Extremely slow memcpy to mmap shared region

Please provide complete information as applicable to your setup.

**• Jetson Xavier **
• Deepstream version 6.3
• Jetpack version 4.6.2
**• TensorRT Version 8.5.1.7 **
• Issue Type bugs

Hi,
I’m trying to transfer a frame extracted from the deepstream pipeline to shared memory (mmap) via memcpy, for this I do the following:

// Initialize the shared memory with mmap
char name[25];
sprintf(name, "/shared_mem%zu", 0);
total_size = 1500000

int fd = shm_open(name, O_RDWR | O_CREAT, 0644);

ftruncate(fd, total_size);

void* shared_mem = mmap(NULL, total_size, PROT_READ|PROT_WRITE, MAP_SHARED, fd, 0);


// Extract the raw frame from the pipeline
NvBufSurfaceMap (surface, -1, -1, NVBUF_MAP_READ);
NvBufSurfaceSyncForCpu (surface, 0, 0);
NvBufSurfaceParams params = surface->surfaceList[i];
  
guint height = surface->surfaceList[0].height;
guint width = surface->surfaceList[0].width;
guint pitch = surface->surfaceList[0].pitch;
  
// Put the extracted image into an OpenCV datastructure
void* addr = surface->surfaceList[0].mappedAddr.addr[0];
uchar * arr = BGR_mat.isContinuous() ? BGR_mat.data : BGR_mat.clone().data;
uint length = BGR_mat.total() * BGR_mat.channels();
  
cv::Mat BGR_mat = cv::Mat(height, width, CV_8UC1, addr, pitch);

// This memcpy is extremly slow (2s for 1Mb so around 0.5Mb/s)
memcpy(shared_mem + offset, (const void*) arr, length);

I also already put the Xavier into performance mode, so it shouldn’t be causing the problem,

Any ideas on what could be causing this?

What do you mean by " Extremely slow memcpy to mmap shared region" ? How slow?

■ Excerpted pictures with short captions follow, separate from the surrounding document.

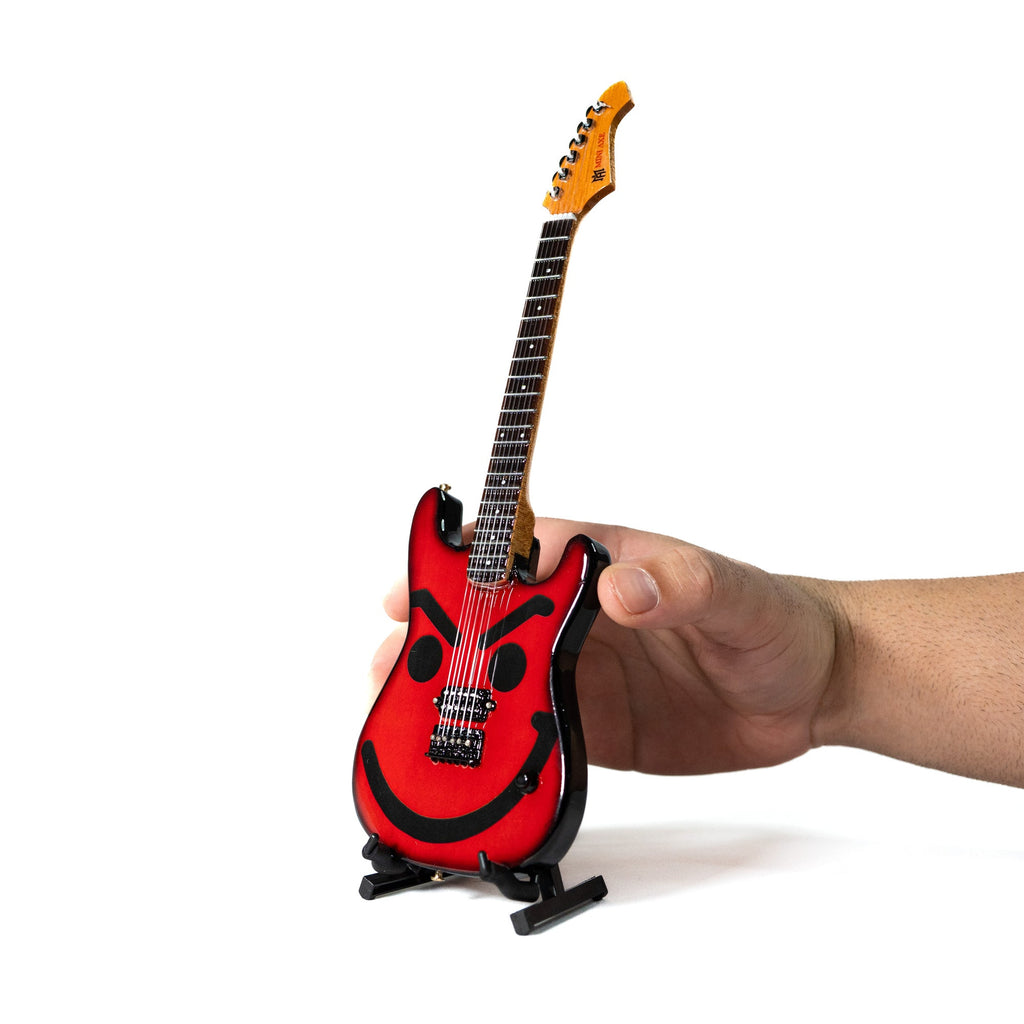 BON JOVI - HAVE A NICE DAY - MINI GUITAR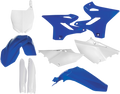 ACERBIS Full Replacement Body Kit - OEM Blue/White 2402964891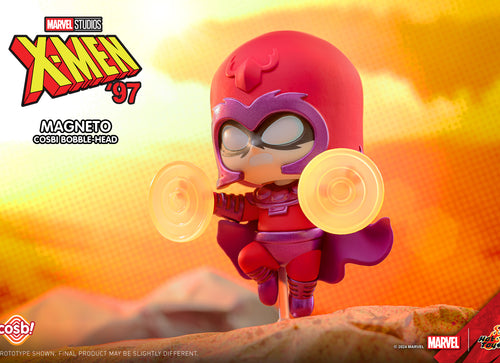 Load image into Gallery viewer, Hot Toys Marvel X-Men '97 Cosbi Bobble-Head Collection (Full set of 8)
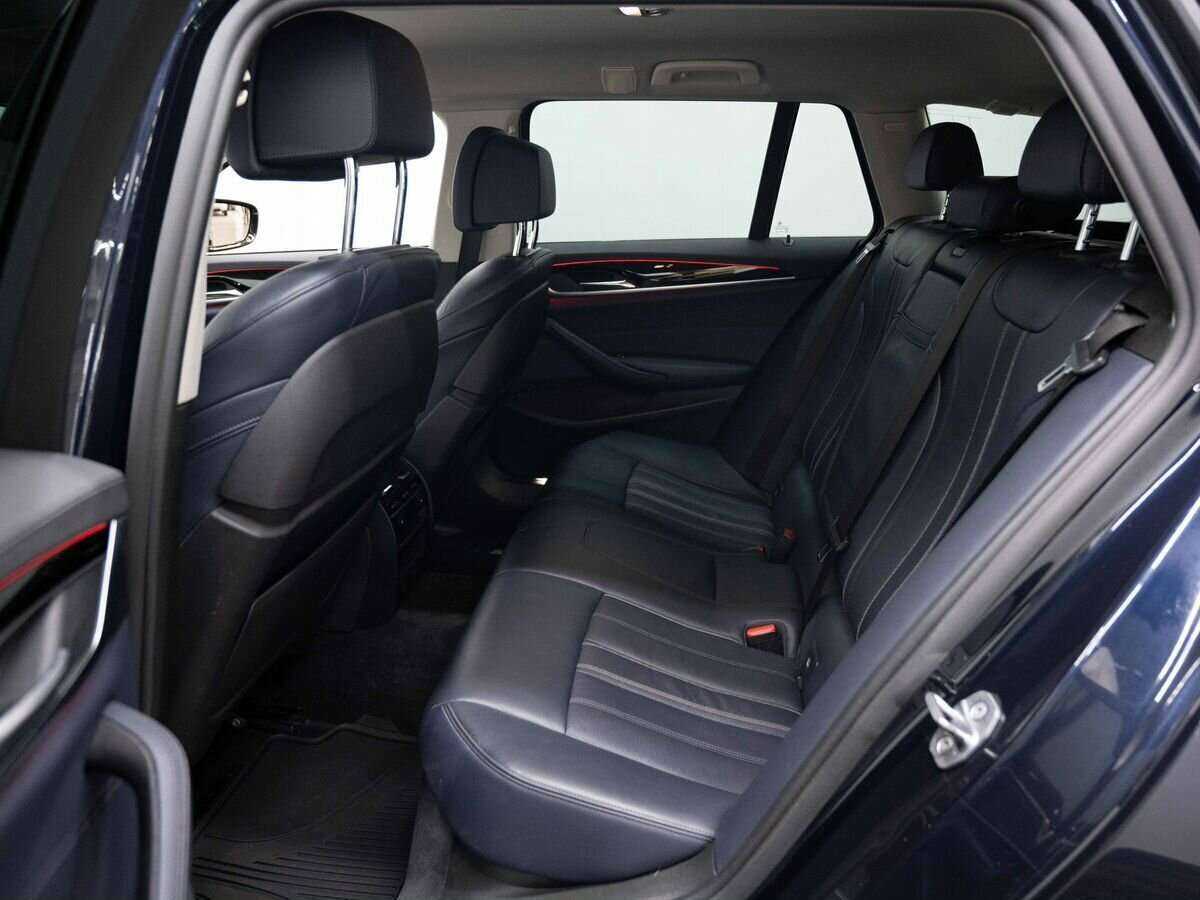 Купить BMW 5 серии 520d xDrive, 2017, 105 599 км, фото №10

I takes 2000ms to copy 2Mb

It doesn’t seem like the problem comes from mmap, using memcpy to copy 1Mb between any two regions seems to also be that slow.

Is the content correct after memcpy?

Yes it is

Executing memcpy like this also takes 1.5 seconds for 1Mb

void* addr1 = malloc(1000000);
void* addr2 = malloc(1000000);

// this line takes 1.5 seconds
memcpy(addr2, addr1, 1000000);

There is no update from you for a period, assuming this is not an issue anymore. Hence we are closing this topic. If need further support, please open a new one. Thanks

It does not take so much time in our board with your code.

time ./a.out
real 0m0.007s
user 0m0.000s
sys 0m0.004s

#include <stdlib.h>
#include <string.h>int main(int argc, char ** argv)
{
void* addr1 = malloc(1000000);
void* addr2 = malloc(1000000); // this line takes 1.5 seconds
memcpy(addr2, addr1, 1000000);
}

This topic was automatically closed 14 days after the last reply. New replies are no longer allowed.